Medical Surgical Meningitis #4

Question

The nurse is caring for a client with meningitis. Which interventions will the nurse perform? Select all that apply

Answers

  1. Initiate seizure precautions
    • Rationale:

      This answer is correct because seizures are a complication of meningitis due to the inflammation and pressure in the brain. A seizure is a sudden uncontrolled electrical discharge in the brain. Seizure precautions include padding side rails, preventing injury, monitoring airway, no restraints, turning clients on side to prevent aspiration, and suctioning as needed.

  2. Assess for signs of intracranial pressure
    • Rationale:

      This answer is correct because meningitis can result in increased intracranial pressure. Increased intracranial pressure happens when the pressure inside the head increases due to inflammation. Symptoms include mental status change, bradycardia, irregular respirations, and high blood pressure with wide pulse pressure.

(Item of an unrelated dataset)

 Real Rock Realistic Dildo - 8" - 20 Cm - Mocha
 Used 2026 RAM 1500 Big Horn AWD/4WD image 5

  3. Maintain client in a negative pressure isolation room
    • Rationale:

      This answer is not correct because meningitis is not airborne and therefore does not require a negative pressure isolation room. The meningitis client may be placed in isolation the first 24 hours before antibiotic therapy due to the direct contact and droplet precautions. After 24 hours of antibiotic treatment, the client is no longer considered contagious.

  4. Elevate HOB 30 degrees and avoid neck flexion
    • Rationale:

      This answer is correct because elevating the head of bed to 30 degrees reduces arterial pressure. Keeping the neck in a neutral position avoiding flexion, promotes venous drainage.

  5. Provide respiratory treatments
    • Rationale:

      This answer is not correct because respiratory treatments are not an intervention or treatment for meningitis. This intervention would be more appropriate for Guillain-Barre syndrome and amyotrophic lateral sclerosis.

Overview

Meningitis is inflammation of the meninges around the brain and spinal cord caused by bacteria, a virus or fungus. Interventions include monitoring vital signs and neurological signs, assessing for signs of intracranial pressure, monitor for seizure activity, elevate the head of bed 30 degrees, avoid neck flexion, and observe for nuchal rigidity and positive Kernig’s sign.

Explanation

Learning Outcomes

Meningitis is inflammation of the meninges around the brain and spinal cord caused by bacteria, a virus or fungus. Interventions include monitoring vital signs and neurological signs, assessing for signs of intracranial pressure, monitoring for seizure activity, elevating the head of bed 30 degrees, avoiding neck flexion, and observing for nuchal rigidity and positive Kernig’s sign. Seizure precautions include padding side rails, preventing injury, monitoring airway, no restraints, turning clients on side to prevent aspiration, and suctioning as needed. Meningitis can result in increased intracranial pressure. The nurse will observe for mental status changes, bradycardia, irregular respirations, and high blood pressure with wide pulse pressure. Elevating the head of bed to 30 degrees reduces arterial pressure. Keeping the neck in a neutral position and avoiding flexion promotes venous drainage. One of the most obvious symptoms of meningitis is Kernig’s sign. Stiffness to the hamstring to the point of an inability to straighten the leg while the hip is flexed to 90 degrees is Kernig’s sign.

Test Taking Tip

Know the interventions required for the meningitis client. They are similar to clients with increased intracranial pressure.